Copyright: Vrije Universiteit Amsterdam, Faculty of Humanities, CLTL

# Lab 2.3: Linguistic Units

In this lab, we will take a closer look how to distinguish between words. We use the processed article from the previous lab. **Modify the code to work with all articles from your dataset.**

In [2]:
import stanza
import pickle

processed_article_file = "../data/processed_data/nlp_article1.pkl"
nlp_output = pickle.load(open(processed_article_file,"rb"))
print(nlp_output)

[
  [
    {
      "id": 1,
      "text": "Les",
      "lemma": "le",
      "upos": "DET",
      "feats": "Definite=Def|Number=Plur|PronType=Art",
      "head": 2,
      "deprel": "det",
      "start_char": 0,
      "end_char": 3,
      "ner": "S-LOC",
      "multi_ner": [
        "S-LOC"
      ]
    },
    {
      "id": 2,
      "text": "véganeries",
      "lemma": "véganerie",
      "upos": "NOUN",
      "feats": "Gender=Fem|Number=Plur",
      "head": 3,
      "deprel": "nsubj",
      "start_char": 4,
      "end_char": 14,
      "ner": "O",
      "multi_ner": [
        "O"
      ]
    },
    {
      "id": 3,
      "text": "vont",
      "lemma": "aller",
      "upos": "VERB",
      "feats": "Mood=Ind|Number=Plur|Person=3|Tense=Pres|VerbForm=Fin",
      "head": 0,
      "deprel": "root",
      "start_char": 15,
      "end_char": 19,
      "ner": "O",
      "multi_ner": [
        "O"
      ]
    },
    {
      "id": 4,
      "text": "de",
      "lemma": "de",
      "upos": "ADP",
      

## 1. Tokens vs Lemmas

In the HLT course, you already learned about the difference between tokens and lemmas. Let's take a look at the difference. 

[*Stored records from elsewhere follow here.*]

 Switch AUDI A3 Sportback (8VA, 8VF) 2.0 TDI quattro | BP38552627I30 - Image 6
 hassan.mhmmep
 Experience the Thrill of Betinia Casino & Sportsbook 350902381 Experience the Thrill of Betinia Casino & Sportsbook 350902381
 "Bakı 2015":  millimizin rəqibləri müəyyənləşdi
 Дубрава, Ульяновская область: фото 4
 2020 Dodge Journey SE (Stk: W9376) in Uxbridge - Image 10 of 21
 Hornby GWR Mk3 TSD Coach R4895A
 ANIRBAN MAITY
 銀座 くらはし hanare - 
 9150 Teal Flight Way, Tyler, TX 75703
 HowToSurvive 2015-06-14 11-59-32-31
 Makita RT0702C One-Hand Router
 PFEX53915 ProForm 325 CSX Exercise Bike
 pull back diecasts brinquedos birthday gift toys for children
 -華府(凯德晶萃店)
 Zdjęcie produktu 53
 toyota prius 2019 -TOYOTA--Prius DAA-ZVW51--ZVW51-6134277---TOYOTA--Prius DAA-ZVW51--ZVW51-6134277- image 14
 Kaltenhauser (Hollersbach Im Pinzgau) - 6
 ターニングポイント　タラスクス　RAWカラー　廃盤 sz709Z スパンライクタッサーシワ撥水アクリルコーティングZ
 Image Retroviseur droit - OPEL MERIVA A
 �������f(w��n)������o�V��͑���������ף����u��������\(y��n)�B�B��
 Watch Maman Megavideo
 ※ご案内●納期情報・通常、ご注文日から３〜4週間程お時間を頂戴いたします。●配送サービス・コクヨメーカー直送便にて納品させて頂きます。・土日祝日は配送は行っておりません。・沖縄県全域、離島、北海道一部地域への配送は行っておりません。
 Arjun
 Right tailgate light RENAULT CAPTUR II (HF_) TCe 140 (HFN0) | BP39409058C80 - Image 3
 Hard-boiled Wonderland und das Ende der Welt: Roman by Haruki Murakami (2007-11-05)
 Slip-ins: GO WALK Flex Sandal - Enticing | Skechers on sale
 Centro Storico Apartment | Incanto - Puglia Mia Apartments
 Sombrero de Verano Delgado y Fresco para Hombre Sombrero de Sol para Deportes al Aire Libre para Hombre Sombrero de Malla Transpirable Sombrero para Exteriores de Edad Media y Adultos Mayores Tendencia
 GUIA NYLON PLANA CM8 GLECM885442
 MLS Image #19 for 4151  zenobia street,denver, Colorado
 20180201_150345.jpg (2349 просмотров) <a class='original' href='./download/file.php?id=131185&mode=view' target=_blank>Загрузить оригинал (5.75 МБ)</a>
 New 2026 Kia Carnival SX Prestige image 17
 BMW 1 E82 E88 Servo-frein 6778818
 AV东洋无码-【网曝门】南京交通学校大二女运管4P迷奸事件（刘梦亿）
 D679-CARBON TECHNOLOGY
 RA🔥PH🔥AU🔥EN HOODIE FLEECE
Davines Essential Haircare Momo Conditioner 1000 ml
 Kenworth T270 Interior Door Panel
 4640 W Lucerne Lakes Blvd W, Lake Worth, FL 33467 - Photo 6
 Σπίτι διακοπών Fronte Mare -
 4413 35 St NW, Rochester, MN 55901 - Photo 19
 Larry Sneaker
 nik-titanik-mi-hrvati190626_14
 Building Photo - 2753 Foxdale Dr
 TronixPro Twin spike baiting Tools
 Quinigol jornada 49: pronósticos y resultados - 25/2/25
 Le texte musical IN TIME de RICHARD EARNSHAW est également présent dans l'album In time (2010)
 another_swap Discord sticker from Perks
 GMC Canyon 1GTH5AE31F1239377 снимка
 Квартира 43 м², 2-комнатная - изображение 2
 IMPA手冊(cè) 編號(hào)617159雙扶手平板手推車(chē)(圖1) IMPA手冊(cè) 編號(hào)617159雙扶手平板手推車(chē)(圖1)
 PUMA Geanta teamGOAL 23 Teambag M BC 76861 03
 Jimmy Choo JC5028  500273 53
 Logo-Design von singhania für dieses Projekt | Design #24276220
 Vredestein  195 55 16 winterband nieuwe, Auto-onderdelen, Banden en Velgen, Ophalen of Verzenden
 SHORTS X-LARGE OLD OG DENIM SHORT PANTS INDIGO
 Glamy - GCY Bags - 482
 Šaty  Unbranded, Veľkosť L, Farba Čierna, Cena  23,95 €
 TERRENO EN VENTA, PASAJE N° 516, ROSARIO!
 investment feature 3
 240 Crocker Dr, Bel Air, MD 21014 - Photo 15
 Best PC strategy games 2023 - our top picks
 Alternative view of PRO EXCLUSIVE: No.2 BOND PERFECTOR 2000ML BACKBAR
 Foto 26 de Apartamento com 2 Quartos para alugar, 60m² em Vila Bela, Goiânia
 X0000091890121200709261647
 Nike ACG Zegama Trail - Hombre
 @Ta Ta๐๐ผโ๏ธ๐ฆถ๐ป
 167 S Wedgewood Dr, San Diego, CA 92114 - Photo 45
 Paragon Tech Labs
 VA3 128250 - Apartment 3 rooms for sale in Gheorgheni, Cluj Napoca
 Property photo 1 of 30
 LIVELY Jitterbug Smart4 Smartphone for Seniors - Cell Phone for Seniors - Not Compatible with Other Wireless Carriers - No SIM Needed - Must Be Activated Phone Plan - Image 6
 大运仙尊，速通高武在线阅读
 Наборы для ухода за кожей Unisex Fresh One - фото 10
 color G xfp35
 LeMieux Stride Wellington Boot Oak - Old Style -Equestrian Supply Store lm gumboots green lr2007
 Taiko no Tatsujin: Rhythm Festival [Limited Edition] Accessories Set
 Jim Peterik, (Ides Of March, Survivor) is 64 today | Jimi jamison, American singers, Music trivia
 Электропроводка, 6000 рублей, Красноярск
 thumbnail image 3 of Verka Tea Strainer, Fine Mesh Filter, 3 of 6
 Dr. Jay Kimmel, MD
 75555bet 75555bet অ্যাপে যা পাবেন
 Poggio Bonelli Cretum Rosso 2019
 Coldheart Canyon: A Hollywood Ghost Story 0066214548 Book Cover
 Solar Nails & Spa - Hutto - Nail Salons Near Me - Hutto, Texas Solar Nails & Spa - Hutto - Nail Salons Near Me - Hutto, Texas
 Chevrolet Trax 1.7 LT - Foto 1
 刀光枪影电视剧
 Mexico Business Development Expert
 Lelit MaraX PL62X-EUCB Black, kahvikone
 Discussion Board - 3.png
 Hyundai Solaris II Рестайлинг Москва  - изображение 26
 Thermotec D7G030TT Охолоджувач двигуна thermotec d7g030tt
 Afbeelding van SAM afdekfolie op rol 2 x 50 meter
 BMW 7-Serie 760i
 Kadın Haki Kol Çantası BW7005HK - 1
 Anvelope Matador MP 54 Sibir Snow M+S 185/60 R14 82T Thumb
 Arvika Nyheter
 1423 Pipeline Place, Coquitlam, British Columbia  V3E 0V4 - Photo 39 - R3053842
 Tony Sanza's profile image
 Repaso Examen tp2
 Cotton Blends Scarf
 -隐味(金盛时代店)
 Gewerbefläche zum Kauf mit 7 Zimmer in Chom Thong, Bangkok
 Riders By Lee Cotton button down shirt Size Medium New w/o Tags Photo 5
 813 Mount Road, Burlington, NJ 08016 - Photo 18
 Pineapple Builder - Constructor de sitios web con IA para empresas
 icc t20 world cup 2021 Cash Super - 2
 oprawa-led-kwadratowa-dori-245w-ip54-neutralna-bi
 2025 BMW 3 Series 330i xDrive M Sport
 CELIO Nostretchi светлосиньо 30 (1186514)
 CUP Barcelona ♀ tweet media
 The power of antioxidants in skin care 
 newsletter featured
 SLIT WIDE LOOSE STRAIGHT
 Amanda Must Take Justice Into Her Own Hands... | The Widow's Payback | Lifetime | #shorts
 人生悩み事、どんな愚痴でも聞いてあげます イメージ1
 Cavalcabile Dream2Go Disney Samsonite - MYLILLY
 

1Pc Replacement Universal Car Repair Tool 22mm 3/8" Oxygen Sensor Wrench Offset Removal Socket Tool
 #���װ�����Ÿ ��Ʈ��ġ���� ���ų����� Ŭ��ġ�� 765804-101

It depends on the language you work with and on your analysis goal whether you are more interested in tokens or in lemmas. **Think about some examples.**

In [3]:
for i, sentence in enumerate(nlp_output.sentences):
    # Only check first 20 sentences
    if i==20:
        break
        
    print(str(i), sentence.text)
    for word in sentence.words:
        if not word.text == word.lemma:
            print(word.id, word.text, word.lemma)
    print()


0 Les véganeries vont de plus en plus loin.
1 Les le
2 véganeries véganerie
3 vont aller

1 Connaissez-vous le "faux mage" à base de lait de noix de cajou ? ... Article sans intérêt.
1 Connaissez connaître
2 -vous vous
18 Article article

2 Oui le faux-mage existe et alors ?
1 Oui oui
4 existe exister

3 Oui il y a des simili comme le lait d'amande, des steak de soja et alors ?
1 Oui oui
2 il lui
4 a avoir
5 des un
10 d' de
13 des un

4 Tu veux pas en manger, personne t'y oblige.
1 Tu toi
2 veux vouloir
8 t' toi
10 oblige obliger

5 Critiquer l'existence de produits et en vouloir au vegan ça vous avance à quoi ?
1 Critiquer critiquer
2 l' le
5 produits produit
14 avance avancer

6 C'est vous qui êtes intolérant là...
1 C' ce
2 est être
5 êtes être

7 Être vegan ça veut juste dire boycotter l'utilisation des animaux, la maltraitance animale ect.
1 Être être
4 veut vouloir
8 l' le
11 les le
12 animaux animal
14 la le
16 animale animal

8 L'Homme est aussi un animal donc une bonne partie 

## 2. Testing Lemmatization

In the example, we see that in sentence 19, the lemma for "VEULENT" is "vevler". The correct lemma should be "vouloir". 

A reason for this mistake might be that the word is written in all-caps. Let's check this: 

In [4]:
# Let's write a function for testing a single sentence. 
def get_lemmas(input, stanza_pipeline): 
    # This is a quite complex list comprehension. Make sure you understand what it does. 
    lemmas = [word.lemma for word in stanza_pipeline(input).sentences[0].words]
    return lemmas

# We use a faster pipeline that does not perform all processing steps, only tokenization, POS-tagging and lemmatization
french_pipeline = stanza.Pipeline('fr', processors='tokenize,pos,lemma')
test1 = 'Ils veulent fabriquer quelque chose.'
test2 = 'Ils VEULENT fabriquer quelque chose.'

print(get_lemmas(test1, french_pipeline))
print(get_lemmas(test2, french_pipeline))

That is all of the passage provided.